One of the rules mistakes we made early on was allowing CT to carry over from quest to quest. By the time the heroes got to the third quest I could no longer award them CT for things because they had them all. I was doing everything in my power to reduce their CT count, and they would just get it back from activating a glyph in the next area. Your dividing CT idea might slow this process down a bit by causing the odd CTs to get dropped (in the example you give you've almost halved their total CT, which is good) but I suspect it will still build up over time to the point where the heroes have no practical chance of failure since you can't kill them enough to fail a quest.

Dave99 said:

OVERLORD: Setup Step 7B (final step): Draw overlord cards.

a.
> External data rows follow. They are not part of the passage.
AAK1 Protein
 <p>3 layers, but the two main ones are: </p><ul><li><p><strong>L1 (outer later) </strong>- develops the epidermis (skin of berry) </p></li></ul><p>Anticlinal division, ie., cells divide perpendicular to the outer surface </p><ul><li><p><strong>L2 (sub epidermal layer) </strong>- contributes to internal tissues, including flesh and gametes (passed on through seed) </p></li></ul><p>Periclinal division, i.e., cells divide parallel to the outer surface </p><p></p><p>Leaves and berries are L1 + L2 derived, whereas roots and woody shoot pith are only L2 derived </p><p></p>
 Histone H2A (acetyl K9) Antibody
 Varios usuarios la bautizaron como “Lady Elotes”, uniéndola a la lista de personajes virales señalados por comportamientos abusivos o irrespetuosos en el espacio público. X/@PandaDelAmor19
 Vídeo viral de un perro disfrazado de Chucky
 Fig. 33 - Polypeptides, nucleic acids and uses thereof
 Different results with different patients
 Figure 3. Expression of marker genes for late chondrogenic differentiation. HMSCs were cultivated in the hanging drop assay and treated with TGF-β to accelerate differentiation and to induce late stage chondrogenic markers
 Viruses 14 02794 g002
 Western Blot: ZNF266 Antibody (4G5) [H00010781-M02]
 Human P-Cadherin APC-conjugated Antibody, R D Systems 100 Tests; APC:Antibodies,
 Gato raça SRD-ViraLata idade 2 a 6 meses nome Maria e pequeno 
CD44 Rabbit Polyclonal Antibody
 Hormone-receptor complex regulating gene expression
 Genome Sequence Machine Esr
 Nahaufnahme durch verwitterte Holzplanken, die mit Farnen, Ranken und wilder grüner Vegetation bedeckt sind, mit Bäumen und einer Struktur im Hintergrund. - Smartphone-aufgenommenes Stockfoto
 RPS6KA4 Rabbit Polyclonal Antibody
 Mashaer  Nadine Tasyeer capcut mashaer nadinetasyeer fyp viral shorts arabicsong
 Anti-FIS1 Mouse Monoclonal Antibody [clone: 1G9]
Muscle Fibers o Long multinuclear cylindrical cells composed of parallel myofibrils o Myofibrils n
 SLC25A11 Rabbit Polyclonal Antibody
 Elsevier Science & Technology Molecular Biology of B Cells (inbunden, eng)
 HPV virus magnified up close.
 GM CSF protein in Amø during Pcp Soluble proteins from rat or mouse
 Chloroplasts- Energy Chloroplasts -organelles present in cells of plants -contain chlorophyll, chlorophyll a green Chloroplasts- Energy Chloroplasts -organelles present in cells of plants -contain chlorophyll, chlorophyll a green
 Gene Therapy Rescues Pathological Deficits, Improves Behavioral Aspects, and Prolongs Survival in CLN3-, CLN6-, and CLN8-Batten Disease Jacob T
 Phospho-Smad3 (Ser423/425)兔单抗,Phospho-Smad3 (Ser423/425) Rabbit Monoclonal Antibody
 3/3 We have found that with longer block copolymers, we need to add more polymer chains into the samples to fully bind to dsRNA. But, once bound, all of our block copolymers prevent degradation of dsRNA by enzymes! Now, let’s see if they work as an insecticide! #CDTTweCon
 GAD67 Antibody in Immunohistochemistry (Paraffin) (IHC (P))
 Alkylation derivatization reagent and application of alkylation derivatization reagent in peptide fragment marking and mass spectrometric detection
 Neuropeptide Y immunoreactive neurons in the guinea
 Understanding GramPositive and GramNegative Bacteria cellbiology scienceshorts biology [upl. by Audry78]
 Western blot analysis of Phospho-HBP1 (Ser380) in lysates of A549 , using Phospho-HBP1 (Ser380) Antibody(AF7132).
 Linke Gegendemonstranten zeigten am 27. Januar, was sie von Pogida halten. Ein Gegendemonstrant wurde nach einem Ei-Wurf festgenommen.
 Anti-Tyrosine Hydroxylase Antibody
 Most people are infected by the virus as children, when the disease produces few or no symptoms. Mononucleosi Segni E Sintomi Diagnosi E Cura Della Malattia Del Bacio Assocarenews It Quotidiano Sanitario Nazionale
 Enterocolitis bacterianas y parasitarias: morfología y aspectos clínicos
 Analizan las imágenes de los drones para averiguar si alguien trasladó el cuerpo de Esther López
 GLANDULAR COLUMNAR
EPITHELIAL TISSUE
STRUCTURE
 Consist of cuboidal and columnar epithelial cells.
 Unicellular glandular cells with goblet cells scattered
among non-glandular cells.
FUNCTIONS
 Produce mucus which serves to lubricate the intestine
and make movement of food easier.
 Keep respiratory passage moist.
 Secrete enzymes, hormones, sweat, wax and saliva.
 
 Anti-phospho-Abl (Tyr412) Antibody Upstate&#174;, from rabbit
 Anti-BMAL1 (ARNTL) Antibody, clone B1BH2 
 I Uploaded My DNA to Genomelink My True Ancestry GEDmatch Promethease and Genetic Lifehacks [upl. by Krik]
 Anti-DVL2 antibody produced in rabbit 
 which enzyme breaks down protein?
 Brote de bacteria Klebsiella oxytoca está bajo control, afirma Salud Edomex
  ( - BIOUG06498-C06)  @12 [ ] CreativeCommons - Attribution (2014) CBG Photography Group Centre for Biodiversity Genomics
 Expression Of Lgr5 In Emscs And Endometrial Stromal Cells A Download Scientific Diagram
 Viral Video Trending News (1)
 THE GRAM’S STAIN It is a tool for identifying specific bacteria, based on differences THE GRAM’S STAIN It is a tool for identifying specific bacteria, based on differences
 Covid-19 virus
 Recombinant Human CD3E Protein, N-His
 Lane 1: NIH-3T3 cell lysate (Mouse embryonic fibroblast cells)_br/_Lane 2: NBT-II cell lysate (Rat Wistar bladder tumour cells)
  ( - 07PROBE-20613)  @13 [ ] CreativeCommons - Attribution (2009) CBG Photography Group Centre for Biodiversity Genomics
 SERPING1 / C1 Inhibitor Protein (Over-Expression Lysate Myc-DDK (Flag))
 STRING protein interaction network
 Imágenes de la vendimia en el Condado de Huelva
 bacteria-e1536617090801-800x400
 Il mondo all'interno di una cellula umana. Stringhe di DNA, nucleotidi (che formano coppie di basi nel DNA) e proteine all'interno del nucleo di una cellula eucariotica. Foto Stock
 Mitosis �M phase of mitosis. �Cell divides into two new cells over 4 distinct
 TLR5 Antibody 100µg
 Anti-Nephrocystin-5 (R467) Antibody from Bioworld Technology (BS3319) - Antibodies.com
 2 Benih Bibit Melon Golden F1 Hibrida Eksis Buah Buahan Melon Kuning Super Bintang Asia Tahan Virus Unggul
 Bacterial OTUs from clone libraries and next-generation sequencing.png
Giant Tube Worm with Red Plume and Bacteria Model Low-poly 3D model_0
The overlord draws 3 cards from his deck after shuffling it.
b. The overlord draws X additional cards. Where X = (total hero levels)/ 2 (rounded down)
{Example: during setup of JitD quest 5, the OL counts the total number of levels of the heroes. There are 2 level 4 heroes, a level 3 hero and a new hero level 0. The overlord receives 11/2 (rounded down) = 5 additional cards during setup.}
c. The overlord player must discard cards until he has no more than eight cards in his hand.
d. The overlord player immediately collects threat tokens from all discarded cards in this step.

It's good that you thought of the Overlord and gave him a boost, too. Whether or not it will make a difference I can't say. I do know from my experience above that I couldn't earn Threat fast enough to kill the heroes in that mistaken CT game we played. Maybe an initial boost would've helped, it's hard to say.

FWIW, here's my variant for a continuing campaign experience aside from RtL/SoB:

Play D&D. Use these bits and maps, fiddle with monsters to make balanced encounter groups.

I can't say it'll be perfect, but it's looking good so far.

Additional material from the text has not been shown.